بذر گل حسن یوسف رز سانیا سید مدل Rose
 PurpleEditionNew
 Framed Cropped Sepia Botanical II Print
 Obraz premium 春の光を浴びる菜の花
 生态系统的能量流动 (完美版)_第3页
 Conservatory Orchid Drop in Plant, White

§ WHAT IS REQUIRED: Copy out the records once more. Match them exactly.

§ ANSWER TO THIS PROBLEM:
بذر گل حسن یوسف رز سانیا سید مدل Rose
 PurpleEditionNew
 Framed Cropped Sepia Botanical II Print
 Obraz premium 春の光を浴びる菜の花
 生态系统的能量流动 (完美版)_第3页
 Conservatory Orchid Drop in Plant, White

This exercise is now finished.